Diego Laumar em cena de Mauricio de Sousa: O Filme- Divulgação Disney
O longa se inicia com um jovem Mauricio, vivido por Diego Laumar, cuja atuação é marcada por uma ingenuidade cativante, construindo o arquétipo daquele menino sonhador que se tornaria ícone. Ao adotar uma estética próxima da linguagem dos quadrinhos: planos estáticos que lembram vinhetas, divisões de tela que multiplicam ações simultâneas e um ritmo sempre fluido, permitiu que Pedro Vasconceulos trouxesse frescor ao filme, ao mesmo tempo que homenageia e traduz de forma inventiva o universo do autor.
Entretanto, Mauricio de Sousa: O Filme não escapa de excessos melodramáticos. Sequências como a despedida de Mauricio de sua família, antes da mudança para São Paulo, estendem-se em longos planos estáticos, iluminados por uma aura angelical, acompanhados de uma música emocional que insiste mais do que deveria. Situações semelhantes se repetem quando o quadrinista vê pela primeira vez sua revista publicada ou quando músicas como “Aquarela” retornam de forma insistente, tornando-se quase um recurso fácil para conduzir a emoção do público, fazendo perder um pouco do ritmo e da sutileza que era tão importante.
Curiosamente, a verdadeira força narrativa não está apenas em Mauricio, mas nas mulheres que o cercam. É por meio delas que o quadrinista encontra, ainda que de forma inconsciente, a inspiração para criar personagens que atravessaram gerações. O filme constrói essa presença de maneira cômica e irônica, lembrando ao espectador que, por trás de Mônica, Magali e tantas outras, havia figuras femininas concretas que o inspiraram, ainda que muitas vezes subestimadas pelo próprio Mauricio, um fato que leva a muitos momentos cômicos.
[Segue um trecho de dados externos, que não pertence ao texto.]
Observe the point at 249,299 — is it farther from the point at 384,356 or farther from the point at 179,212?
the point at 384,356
A linguagem cartunesca da obra se confirma não apenas na imagem, mas também no design de som e no uso criativo do extra campo e da profundidade de campo, além de uma narração onisciente do próprio Mauricio, que comenta acontecimentos ainda não vividos pelo protagonista, trazendo um tom de autoironia e nos levando a refletir que por meio da metalinguagem, trata-se de um filme sobre um criador de histórias em quadrinhos, feito como se ele próprio desenhasse os quadros de sua vida, tornando-o um mito cultural.

Thati Lopes e as três primeiras filhas de Mauricio: Mariângela, Mônica e Magali em cena de Mauricio de Sousa: O Filme- Divulgação Disney
Apesar de não alcançar a profundidade de uma análise psicológica ou política da figura de Mauricio de Sousa, o filme cumpre com suavidade sua proposta de homenagem. Apesar de um pouco fofo e melodramático demais, Mauricio de Sousa: O Filme encontra na leveza e na ironia, um modo eficaz de transmitir a dimensão simbólica da figura e do ícone Mauricio: mais do que um artista, ele se tornou patrimônio afetivo de gerações.
No fim, Mauricio de Sousa: O Filme é maior do que uma cinebiografia de um dos maiores nomes da cultura nacional, ele atua como uma homenagem, que prefere o sonho ao realismo, sendo inclusive a importância de sonhar uma mensagem recorrente ao longo da produção. E talvez seja justamente essa escolha, a de assumir o mito ao invés do homem, que faça da obra um retrato tão cativante.
Distribuído pela Disney, e com colaboração da MSP Estúdios, Mauricio de Sousa: O Filme terá sessões especiais na 49ª Mostra SP, onde Mauricio de Sousa receberá o prêmio Leon Cakoff, e em seguida estreará nos cinemas no dia 23 de Outubro.